Orbitals while transitioning from free electron to ground state

[rconde01]

I was thinking of putting together a visualization of electron orbitals as it transitions from unbounded or weakly bounded state to the ground state. However, it occurred to me that orbitals are symmetric about the proton. At some point the probability distribution must become asymmetric eventually approaching a point. What am I missing?

 

[DrDu]

The Coulomb potential always has an infinite number of bound states however weak you chose the central charge. So there won't be a transition from unbound to bound.

 

[UltrafastPED]

You are assuming that all of the atomic hydrogen orbitals are spherically symmetric - s orbitals - but these are not the only ones: http://en.wikipedia.org/wiki/Atomic_orbital#Orbitals_table

 

[Khashishi]

Dr. Du, of course you can transition from unbound to bound. This is called recombination emission.

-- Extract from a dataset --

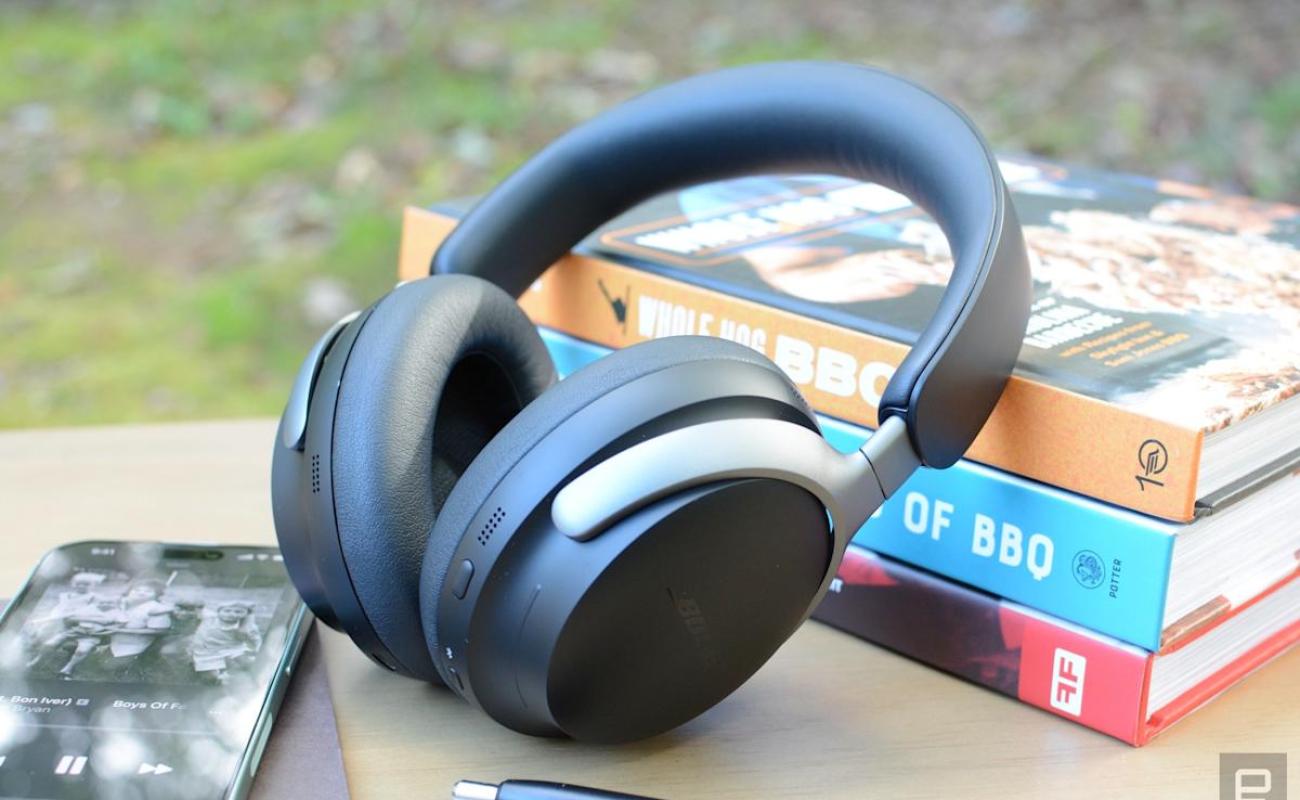 The first-gen Bose QuietComfort Ultra headphones are 0 off right now The first-gen Bose QuietComfort Ultra headphones are 0 off right now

The "s", "p", "d", "f"... orbitals are just one way of representing the state, which can have almost arbitrary shape of the electron distribution. The arbitrary shape will be some superposition of orbitals. It is analogous to how an arbitrary wave is a superposition of frequency components. Just as a localized wave-packet doesn't have a single frequency, a localized electron doesn't have a single orbital state.

A weakly bounded atom is called a Rydberg atom. http://en.wikipedia.org/wiki/Rydberg_atom
This is a case where a classical representation (planetary model) of an atom can be useful. The corresponding quantum state is some kind of coherent state of the Rydberg atom which mixes angular momentum states.

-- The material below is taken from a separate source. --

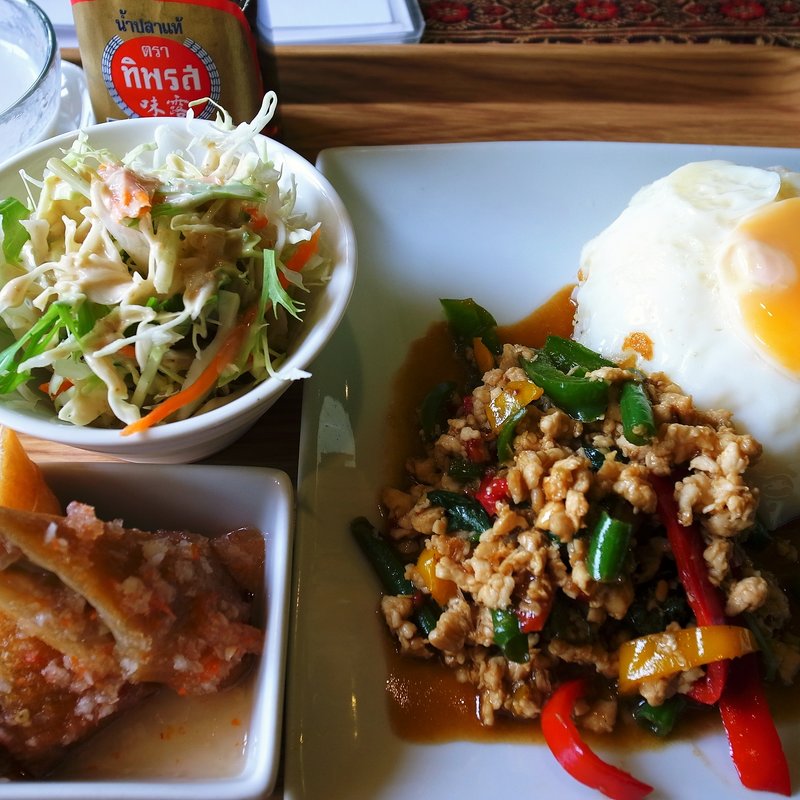 カウパット・カッパオ・ガイ(バーンタイ )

You might be able to find something by searching for coherent states of Rydberg atom. Good luck. It's not an easy problem. I'm interested in how the results look.

 

[DrDu]

Dr. Du, of course you can transition from unbound to bound. This is called recombination emission.

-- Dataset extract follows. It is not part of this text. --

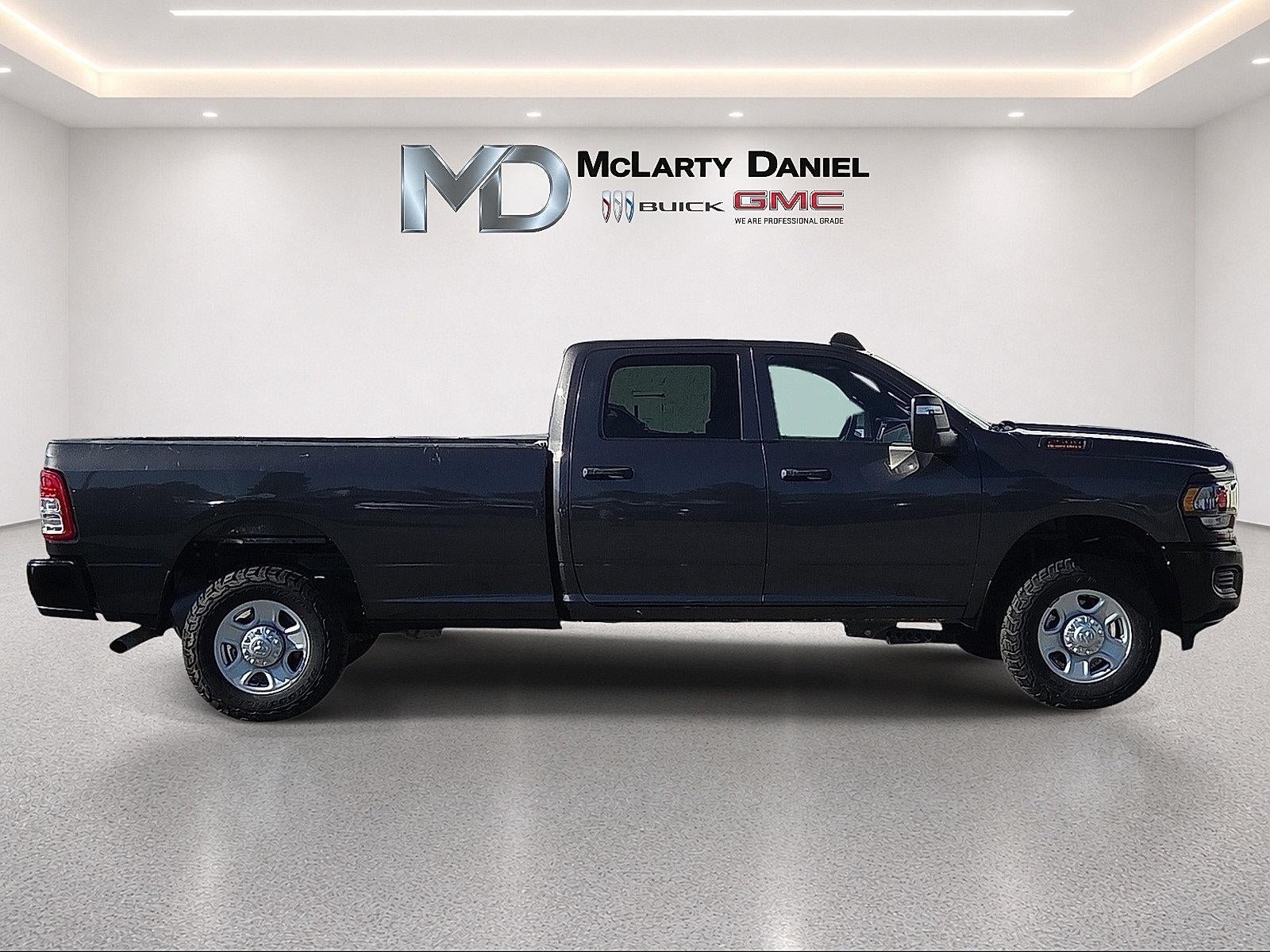 2024 RAM 2500 Tradesman Crew Cab 4x4 8' Box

Of course. Apparently I was thinking in something completely different to what the OP was asking.

 

[ZealScience]

It occurs to me if you stick to the simple model of Couloumb potential you are never going to do so. Since central potential has parity symmetry, which means the wave functions chosen are always symmetric or antisymmetric... I think for the more realistic situation, models in condensed matter might be more applicable.